§ PROBLEM REQUIREMENTS
Print exactly the lines of the listing below from the one containing "Used 2017 Jeep" through the final line, both included, and no pictures.

§ INPUT DATA
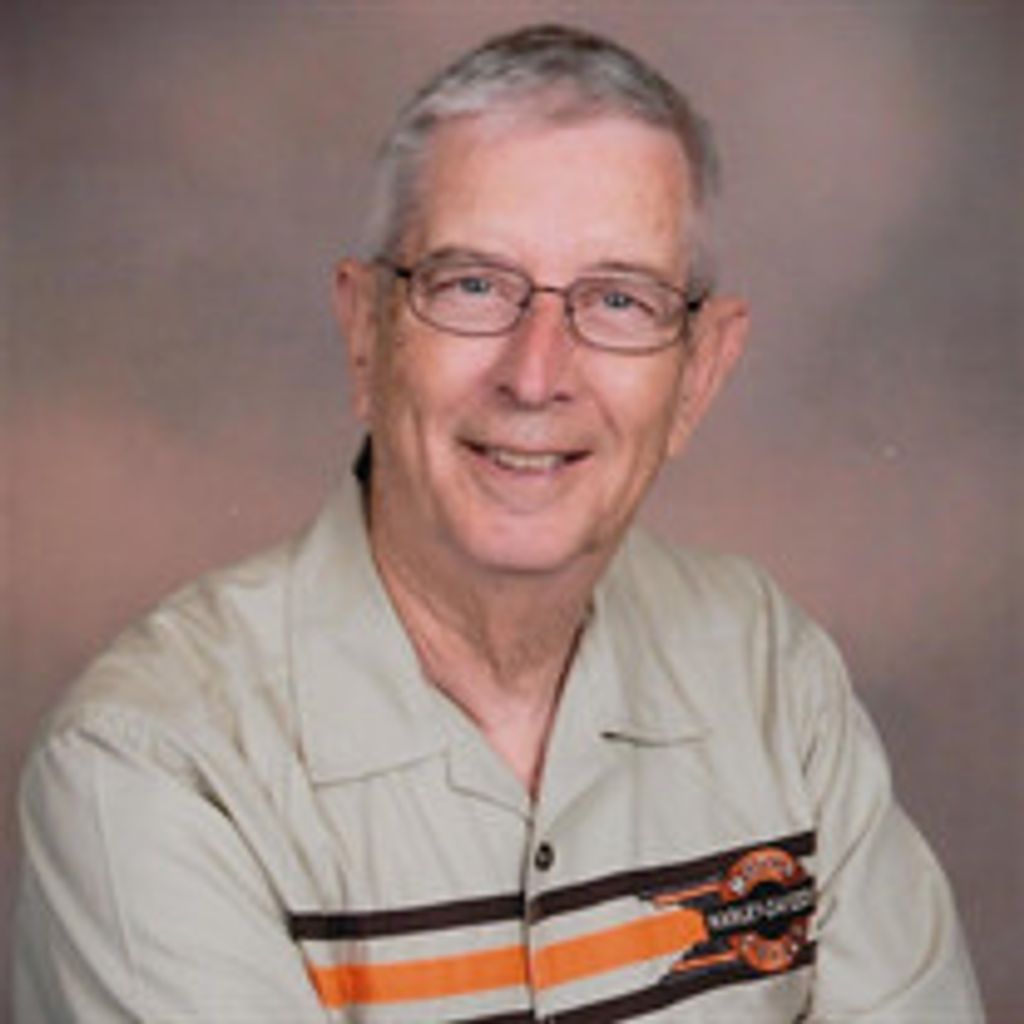 Robin "Bob"  Edward Lightfoot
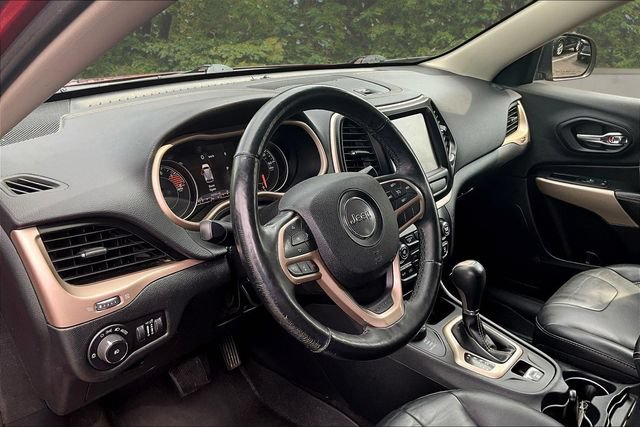Used 2017 Jeep Cherokee Limited AWD/4WD image 17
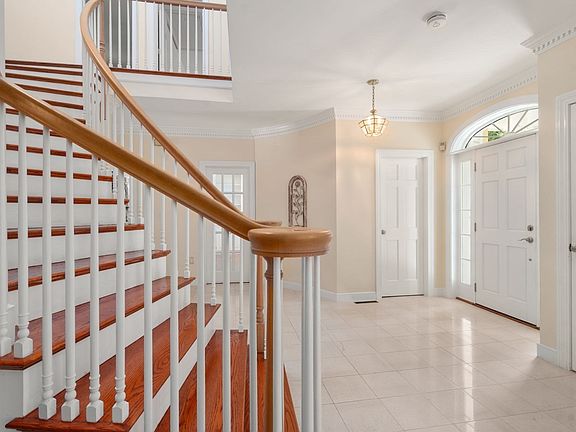 4th image of 2 Sanger Cir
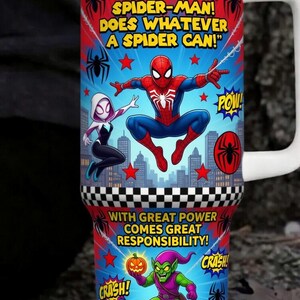 K&ouml;nnte beinhalten: Ein Becher mit wei&szlig;em Griff mit Illustrationen von Spider-Man und Spider-Gwen, mit dem Text "SPIDER-MAN! TUT, WAS EINE SPINNE KANN!" und "MIT GROSSER KRAFT KOMMT GROSSE VERANTWORTUNG!" Der Becher hat ein rotes und blaues Farbschema.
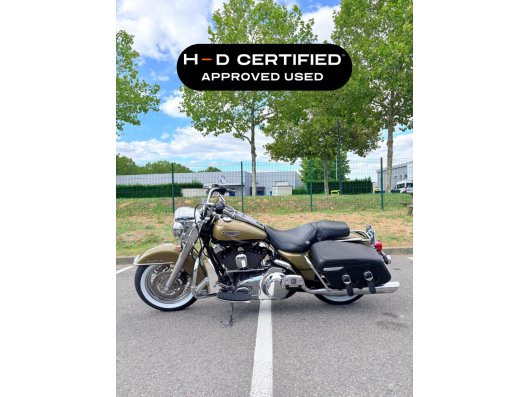 HARLEY-DAVIDSON TOURING ROAD KING 1584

§ REPLY TO THE EXERCISE
Used 2017 Jeep Cherokee Limited AWD/4WD image 17
 4th image of 2 Sanger Cir
 K&ouml;nnte beinhalten: Ein Becher mit wei&szlig;em Griff mit Illustrationen von Spider-Man und Spider-Gwen, mit dem Text "SPIDER-MAN! TUT, WAS EINE SPINNE KANN!" und "MIT GROSSER KRAFT KOMMT GROSSE VERANTWORTUNG!" Der Becher hat ein rotes und blaues Farbschema.
 HARLEY-DAVIDSON TOURING ROAD KING 1584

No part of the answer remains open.